- Sun, 02/20/2011 - 00:51
- 10 Comments
The sun was out this morning after a night of rain, though gray clouds puffed across the sky. I had breakfast with my old boss and afterwards stopped off to visit my elderly mother at the care home she now lives at.
Her dementia has progressed some, but thankfully she still knows my name and asked about family and how my job is going and even how my book is coming along. She does not remember I divorced, though, even though it's been six months since I told her. We talked for almost half an hour and all the while I relished in a sense of gratitude for her still-lucid state. For now, she is still present and (for the most part) my mother of old.
She recently was moved to a new part of the home due to her balance failing her and some special care she requires. She now has a roommate, Lilly, that she has not talked to yet (or doesn't remember if she has). During my visit, I heard the soft sounds of the woman crying. My mother raised her brows as if to ask either, "What can you do?" or "Who is that?" Which, I couldn't tell. Her short-term memory is largely gone and I'm not certain she knows Lilly is there. I felt bad for the woman and couldn't imagine just leaving without acknowledging her. So I took a few minutes before I left to speak with her.
I introduced myself and Lilly gathered herself, shook my hand and gave me her full name and said, "I'm German." Indeed she had a thick accent. The next thing she said was, "I don't know why I'm here", and proceeded to cry.
I spent the next five or so minutes with her, mostly listening. She spoke through tears at times, but she also came across clear and with a surety that made me forget her illness. She spoke of how she had raised her grandchildren so her son and his wife could work. Then, by her recounting, when she couldn't keep up with the kids anymore ("I'm 78 years old!"), and after she'd given her house to her son, she was told that "she didn't like kids" and so had to move. She cried, because she loved children but just couldn't keep up them through the day. She showed me her bad leg, which had a scar that ran from her ankle all the way up to her hip. The injury happened during WWII as a young teen and left her with a limp. A photo on a bedside table showed her husband whom had already passed away, presumably many years before, in his forties.
How much of her recollection of her son's treatment of her was real and how much was a product of her mental faculties failing, I don't know. It was sad to hear her reality, though - so real to her that it brought her to tears. How to comfort someone with Alzheimer's or dementia?
I made sure I maintained eye contact, for one. There's a dignity earned when someone meets your gaze. I spoke loud enough for her to hear from her one good ear. I kept my sentences simple and complete in themselves. I spoke about how she was in a safe place, and how that was good.

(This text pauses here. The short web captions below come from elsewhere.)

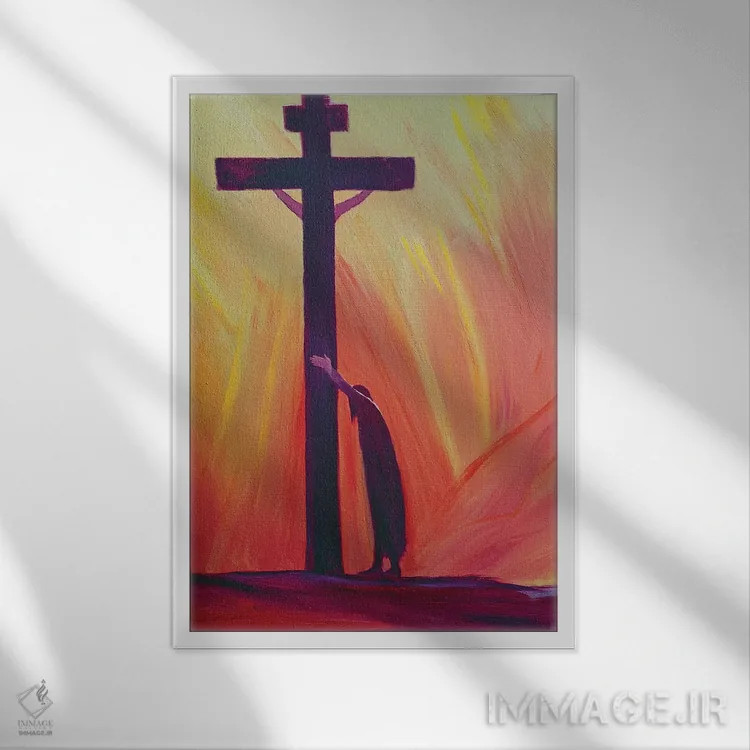 تابلو 1993,در رنجهایمان با اعتماد به محبت مسیح میتوانیم بر صلیب تکیه کنیم، ۱۹۹۳ اثر الیزابت وانگ - نمای قابدار سفید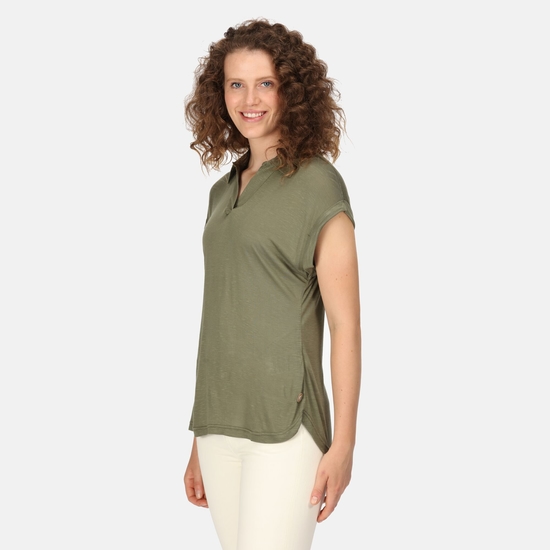 Women's Lupine Collard T-Shirt Four Leaf Clover 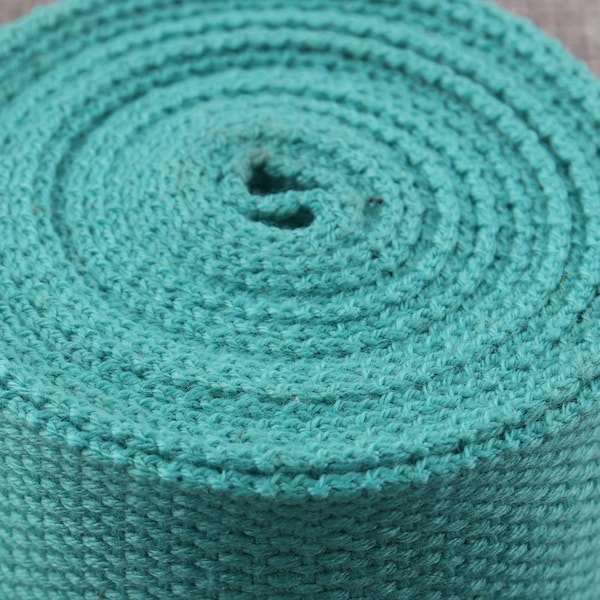 Teal cotton strap webbing,1/1.25/1.5" cotton canvas buckle webbing strap webbing pet collar webbing by yard for key fob purse strap belting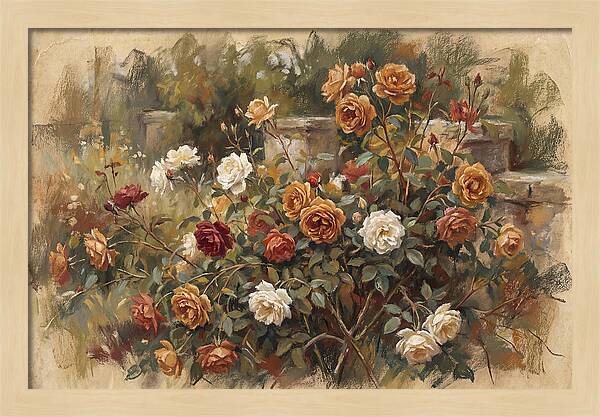Old Garden Roses In Soft Pastels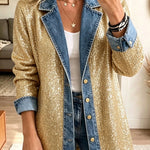 Lenna™ | Gold Glitter Denim Jacket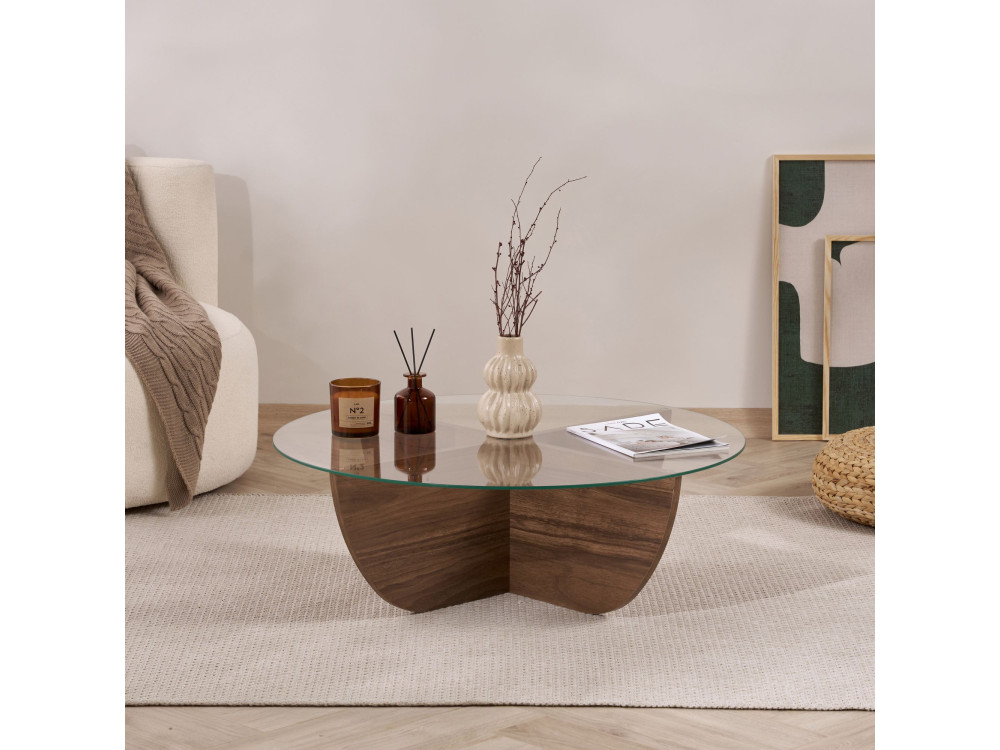 Glass coffee table "Liya" 90 x 90 x 30 cm - Walnut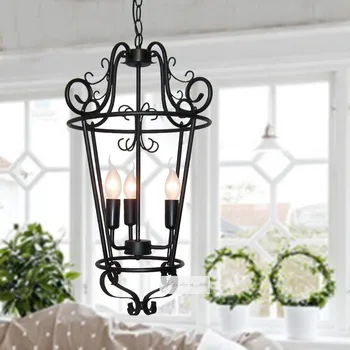 

America europe black iron pendant light Suspension Luminaire for Dining Room bed Room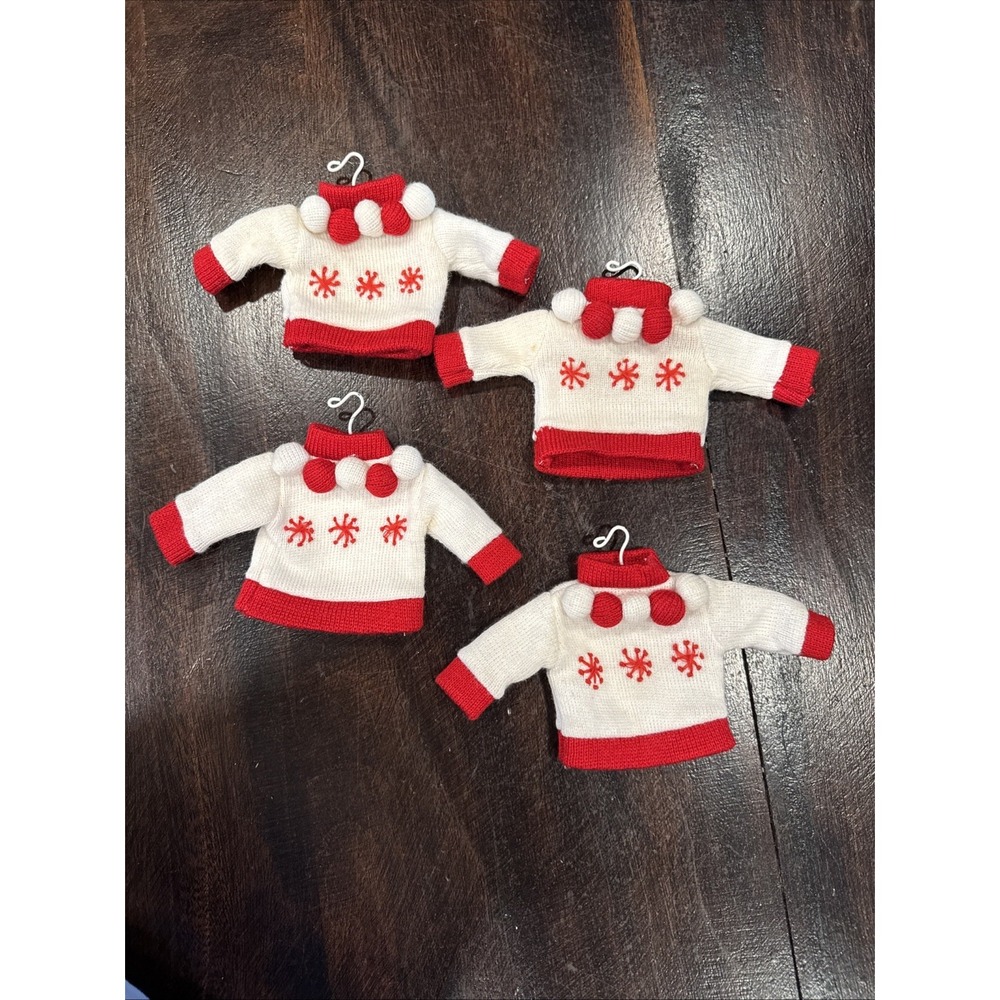 Lot of 4‎ vintage christmas sweater ornaments in hangers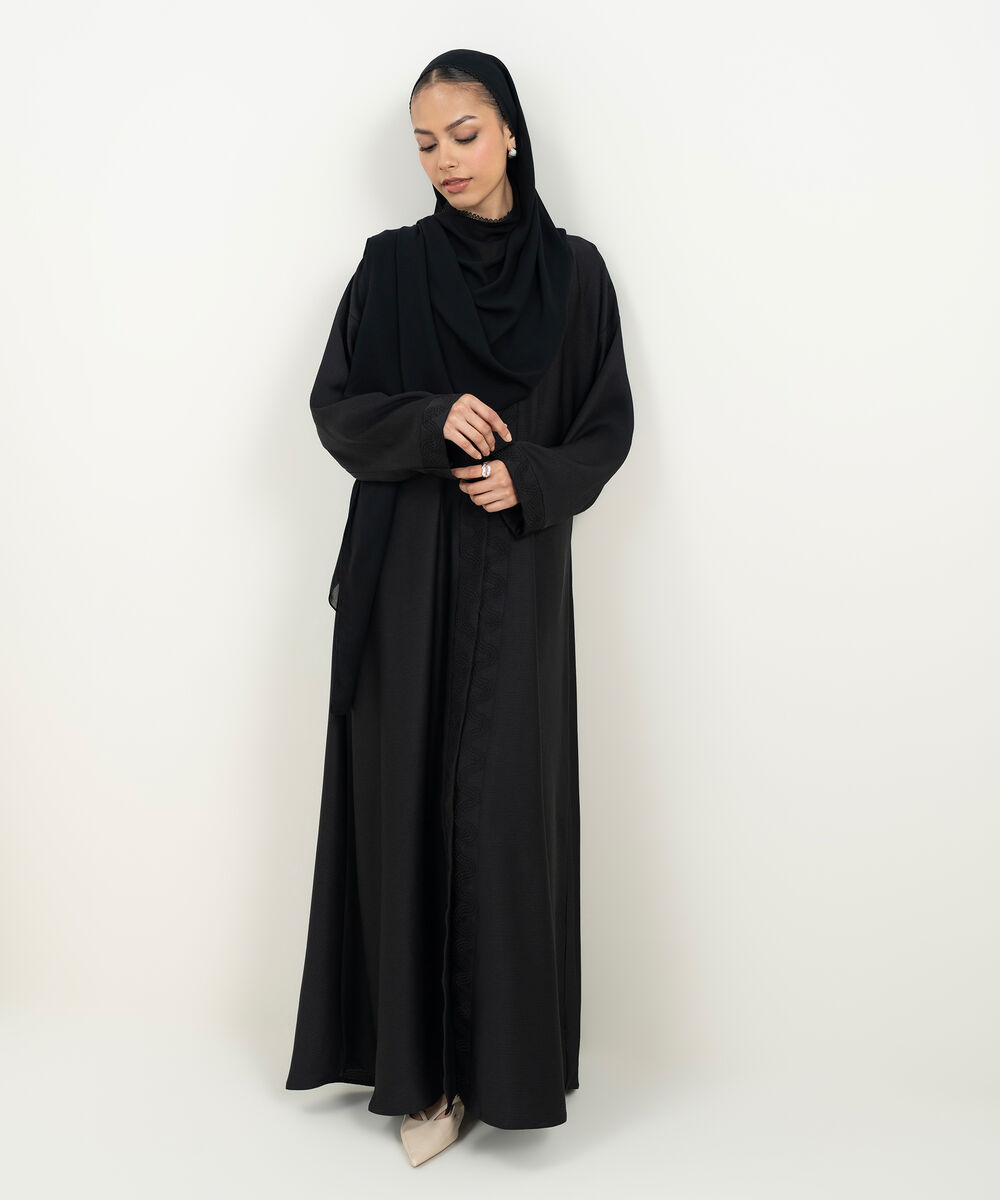 Women's Light Brown Embroidered Button- Through Abaya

I returned to that a few times, and each time she seemed to relax a little - the distress in her eyes subsided. It really is amazing what the eyes can say that words cannot.
She spoke about her job with Campbell's soup for 47 years and I complimented her on her achievements. She ranged back towards her confusion about being in the care home and she spoke of her hope of going back home to Germany. She mentioned winning the lottery and how her children rebelled against her when she wouldn't give them what they wanted. She talked about her missing hearing aids, and how she'd come from the shower one day and they were missing from her table.
Listening to her, I realized that Lilly was a cast-off and her aged mind was the lifeboat. Time had been removed from her world, which left only the floating shards of memory to look at. To see into her eyes was to know she was present and alert, but in times long past... and perhaps in times that never were.
When I left, I didn't know if my visit had done any good for her. I'm not sure our talk even made it onto the lifeboat. Lilly is nowhere she recognizes, reliving situations that may or may not have occurred. Behind the tears that filled her eyes was a human being that had become disconnected from the stream of "our world" and was on her own. I couldn't help but try to be in that world, long enough to cast calm and comfort there.
I'll visit again and when I do, I'll speak with Lilly, too.